--- MATERIAL FOR THE TASK ---
__________
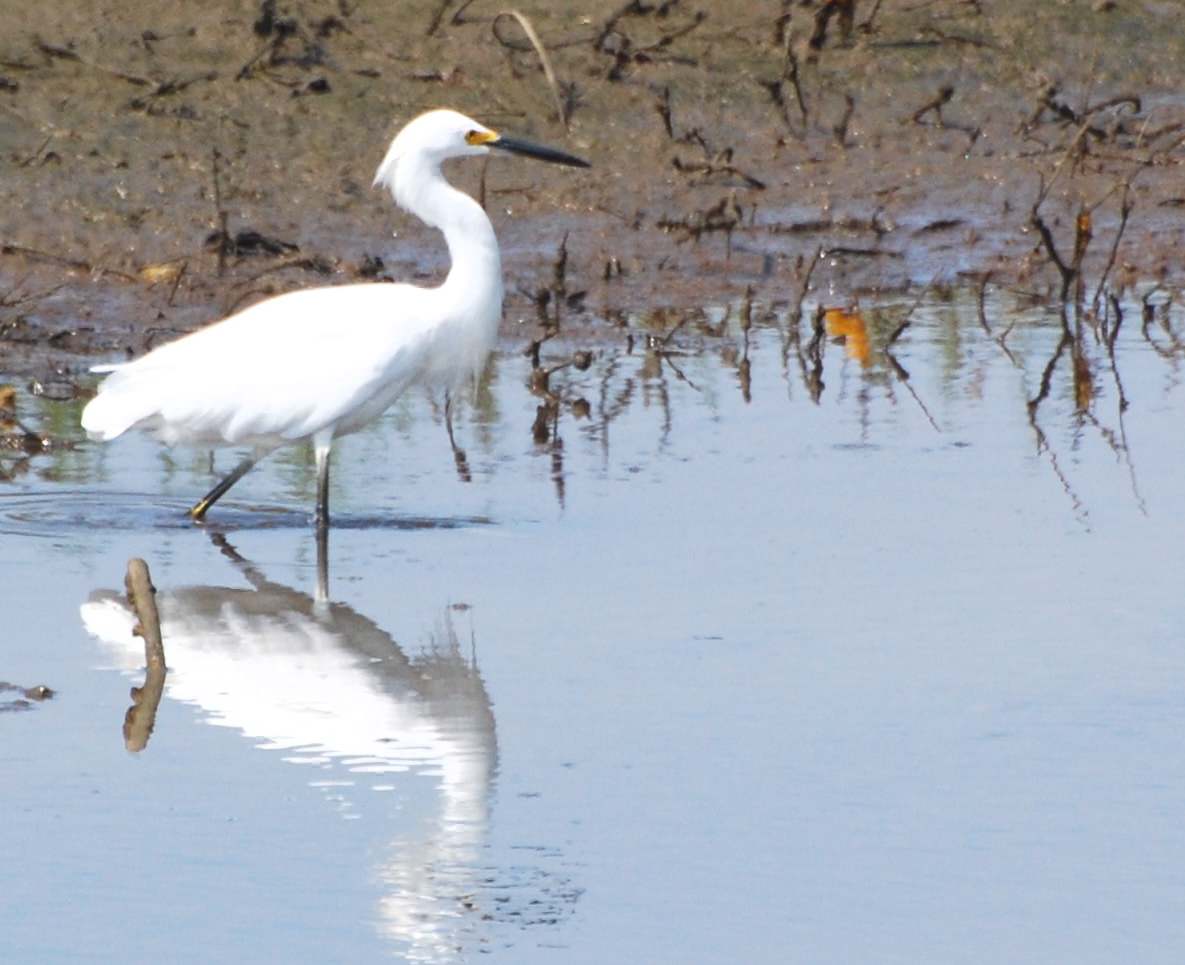 Snowy Egret on the move171325.tmp/mysterybird.JPG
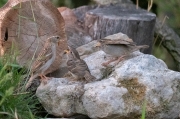 Pardal comú (Passer domesticus): Tenimc fam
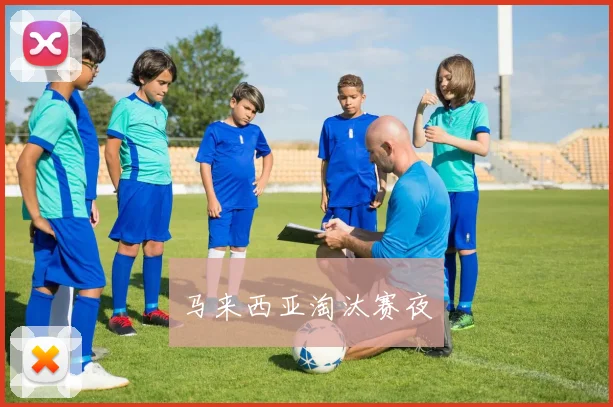 马来西亚淘汰赛夜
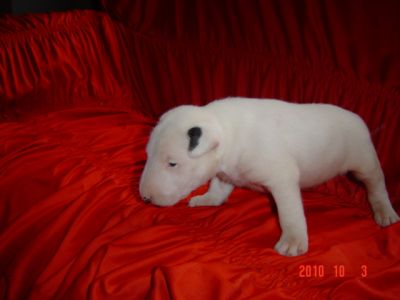 Canil Especializado em Bull Terrier e Staffordshire Bull Terrier
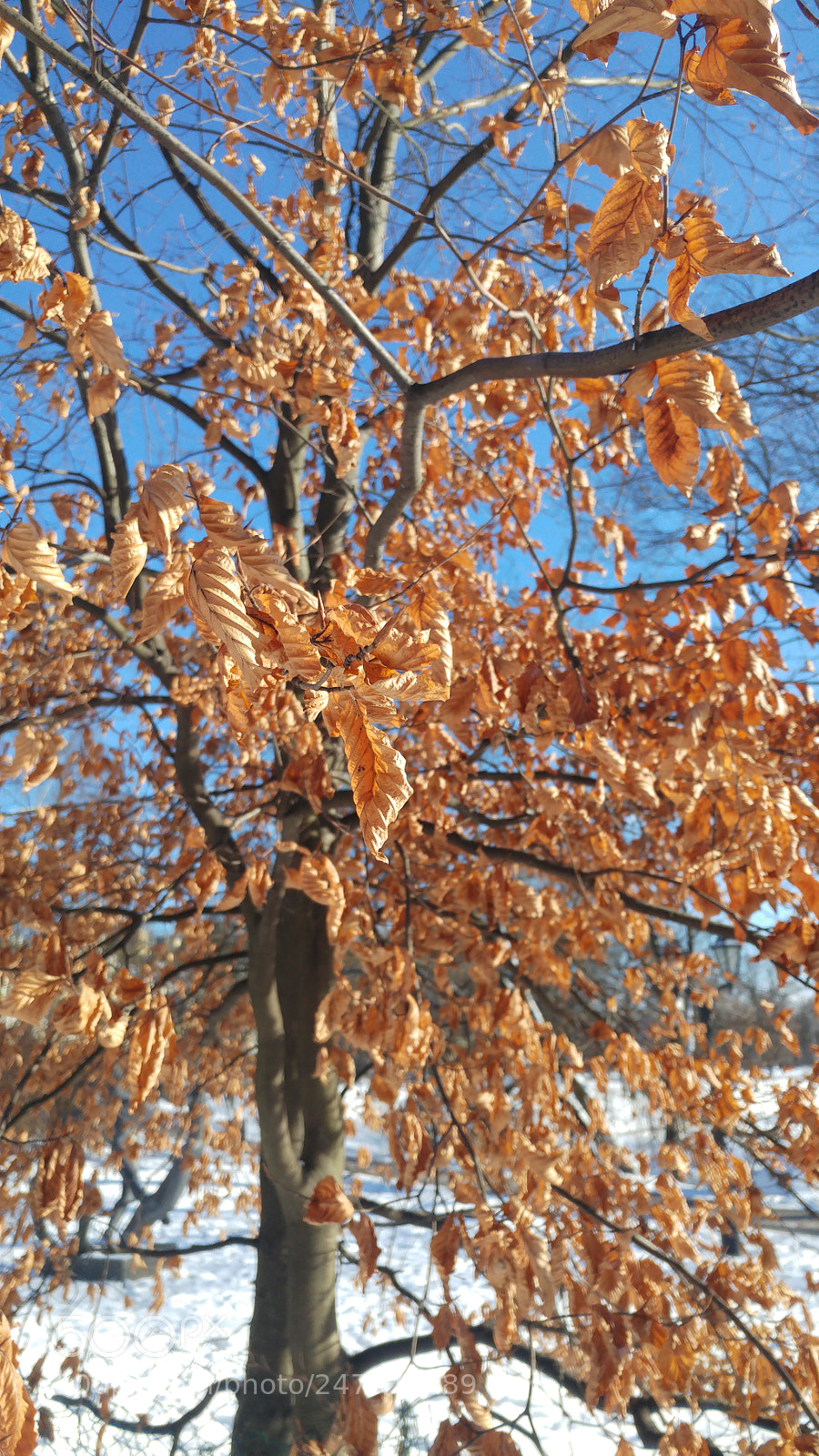 LG G5 sample photo. Autumn in winter photography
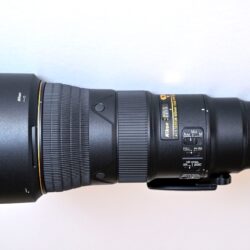 _DSC5584 copy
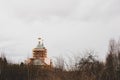 Temple under construction against a cloudy sky and bald trees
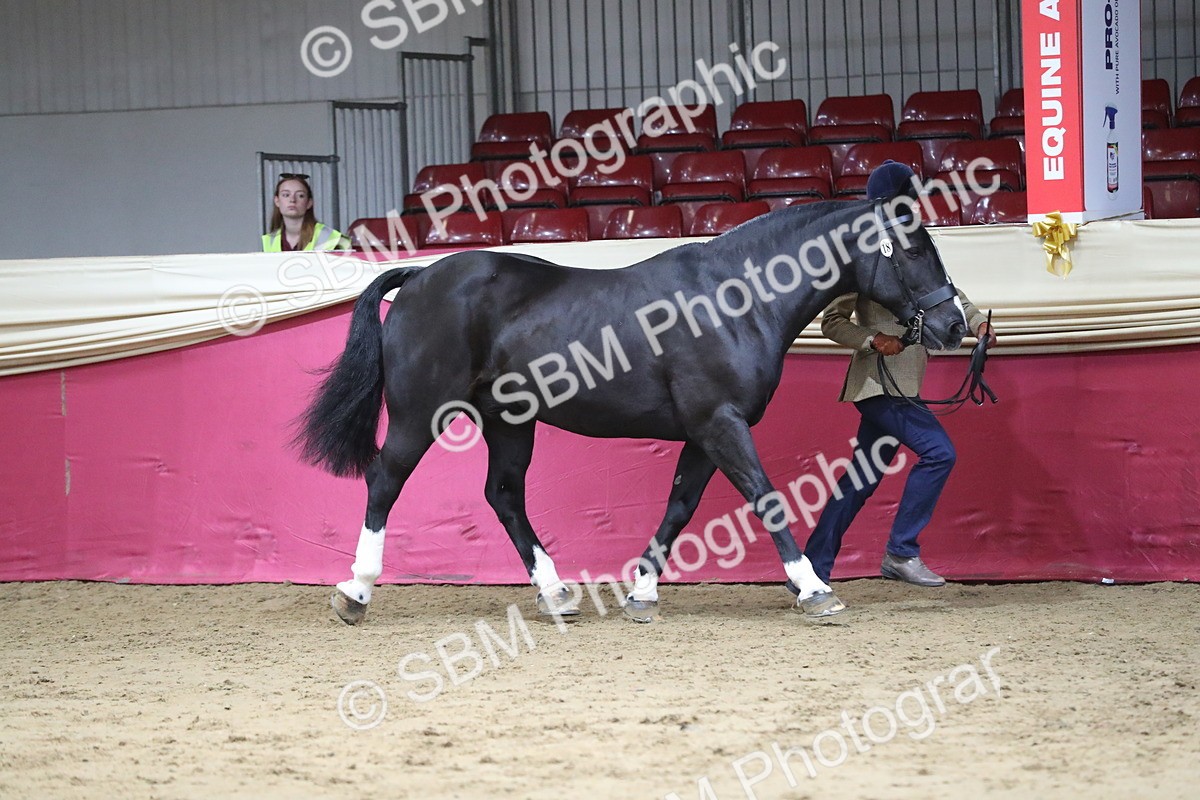 SBM_06323 - Class 9R Regional- IH Pre Vet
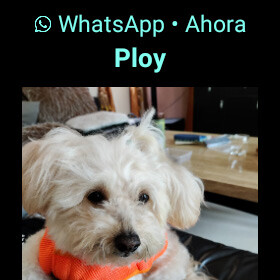 whatsapp web wear os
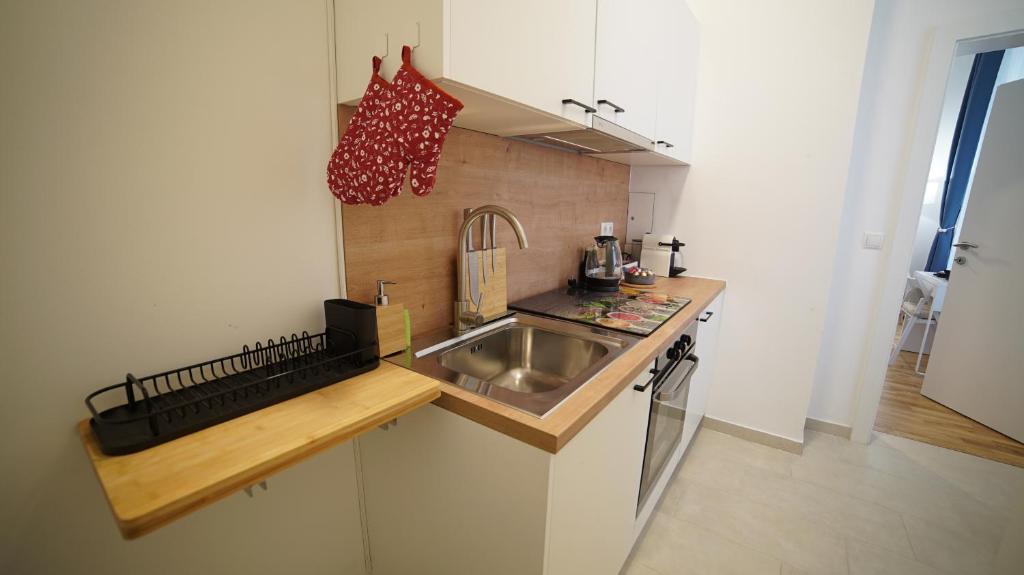Kuchyňa alebo kuchynka v ubytovaní MALIXA - Apartment in the heart of Vienna next to Metro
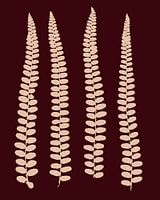 Feuilles de fougère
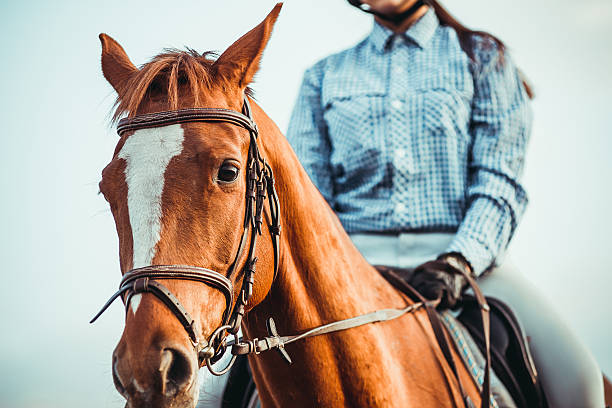 istock Girl riding a horse 524906350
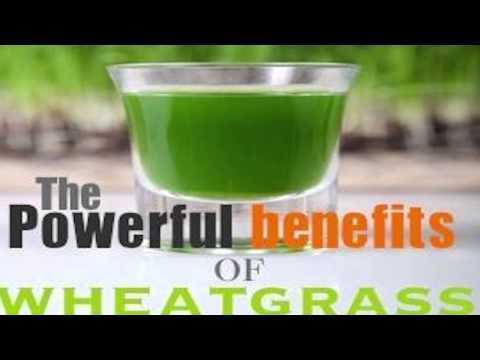 how to take wheatgrass powder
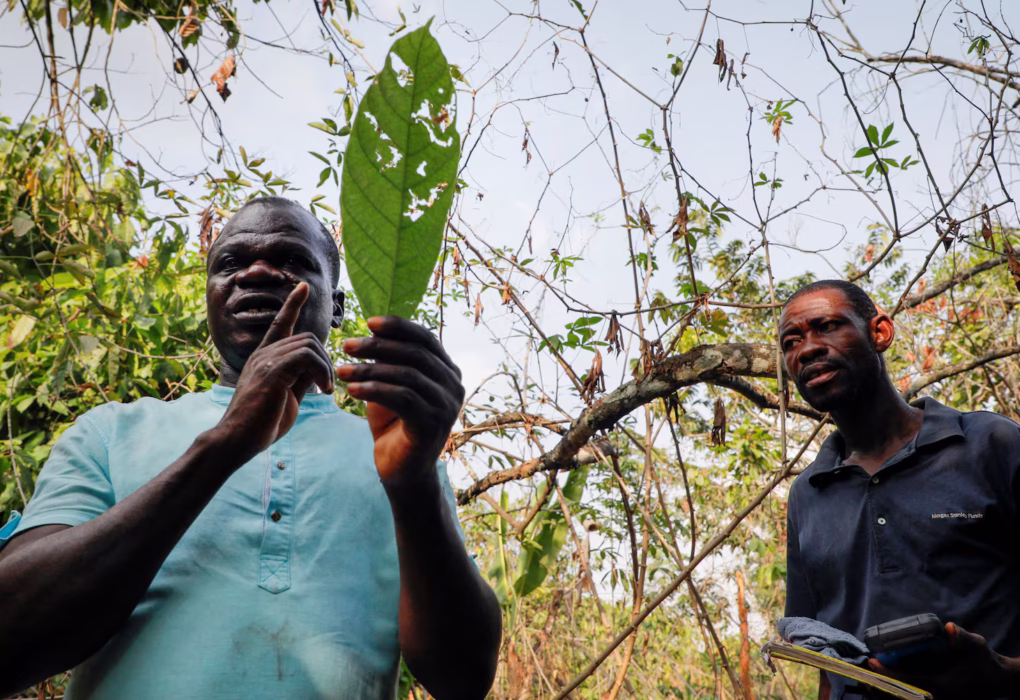 Understanding Ghana’s Cocoa Disease Challenges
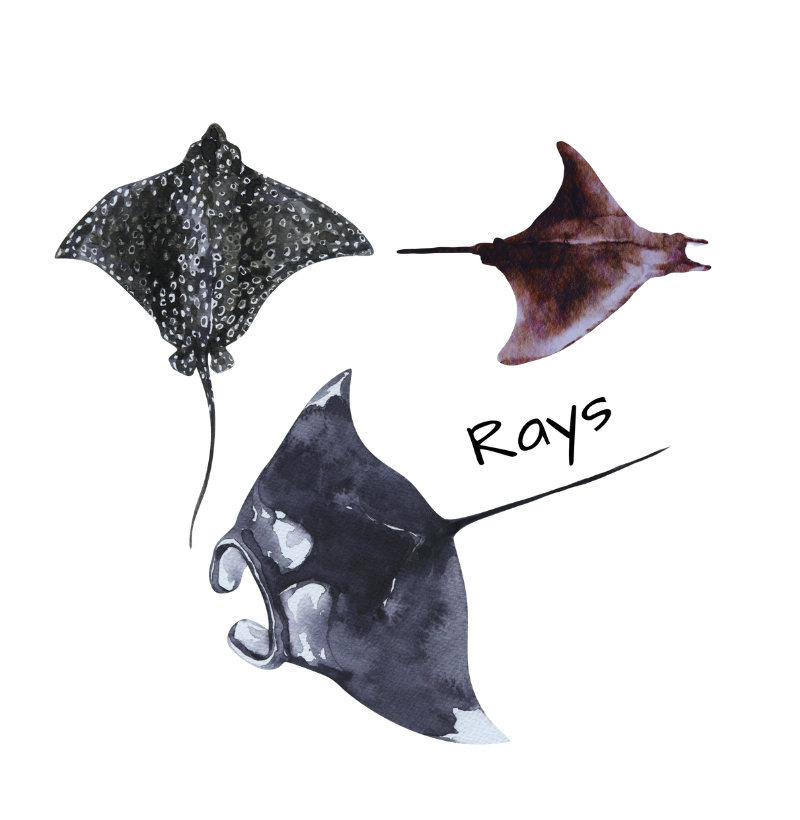 Rays - Imagem 2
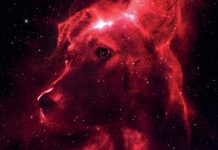 Giornata della Cosmonautica e dell’uomo nello spazio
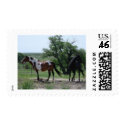 Paint and Black Horses postage by jhimages Paint and Black Horses postage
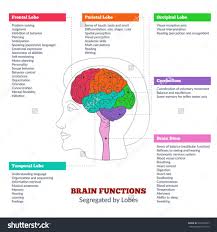Best Of New Brain Function Chart Brain Lobes Brain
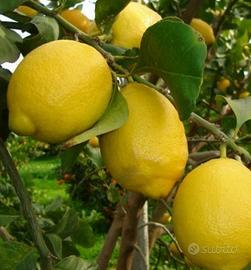 Limoni Zagara Bianca per commercianti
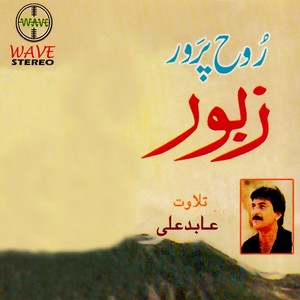 Rooh Parwer Zaboor, Vol. 1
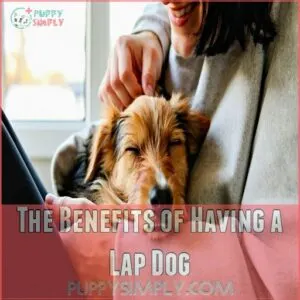 The Benefits of Having a Lap Dog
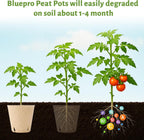 120 Packs 3.15 Inch Peat Pots, Biodegradable Pots for Seedlings with Drainage Holes, Herb Seed Starter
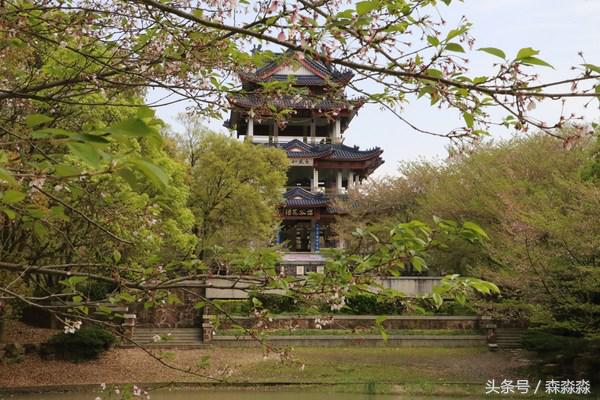 游无锡美景,游无锡太湖美景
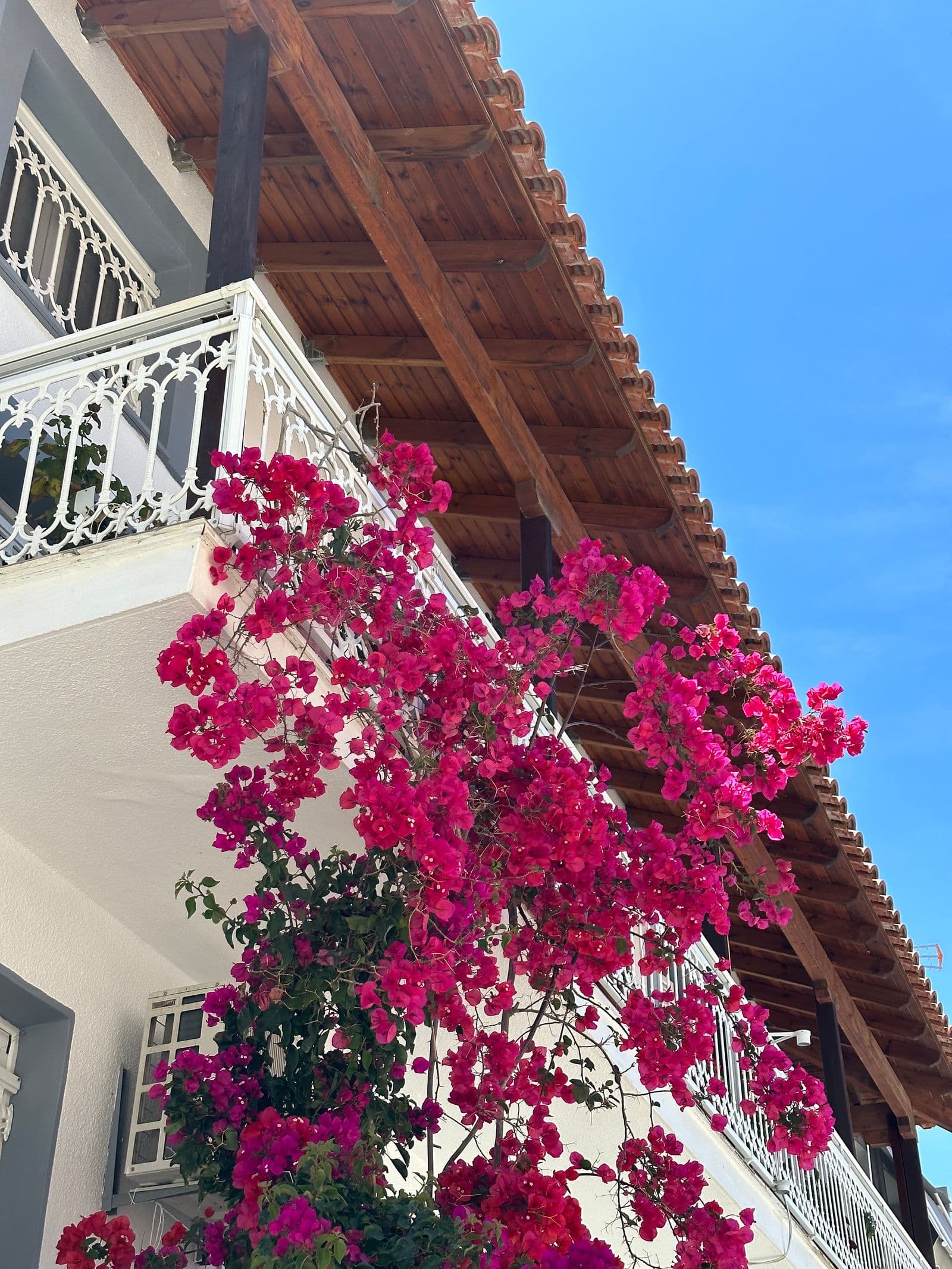 A white coastal house under blooming bougainvillea in full sun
__________
--- PROBLEM ---
Print every record exactly without the images.

--- FINISHED TASK ---
 Snowy Egret on the move171325.tmp/mysterybird.JPG
 Pardal comú (Passer domesticus): Tenimc fam
 马来西亚淘汰赛夜
 Canil Especializado em Bull Terrier e Staffordshire Bull Terrier
 LG G5 sample photo. Autumn in winter photography
 _DSC5584 copy
 Temple under construction against a cloudy sky and bald trees
 SBM_06323 - Class 9R Regional- IH Pre Vet
 whatsapp web wear os
Kuchyňa alebo kuchynka v ubytovaní MALIXA - Apartment in the heart of Vienna next to Metro
 Feuilles de fougère
 istock Girl riding a horse 524906350
 how to take wheatgrass powder
 Understanding Ghana’s Cocoa Disease Challenges
 Rays - Imagem 2
 Giornata della Cosmonautica e dell’uomo nello spazio
 Paint and Black Horses postage by jhimages Paint and Black Horses postage
Best Of New Brain Function Chart Brain Lobes Brain
 Limoni Zagara Bianca per commercianti
 Rooh Parwer Zaboor, Vol. 1
 The Benefits of Having a Lap Dog
 120 Packs 3.15 Inch Peat Pots, Biodegradable Pots for Seedlings with Drainage Holes, Herb Seed Starter
 游无锡美景,游无锡太湖美景
 A white coastal house under blooming bougainvillea in full sun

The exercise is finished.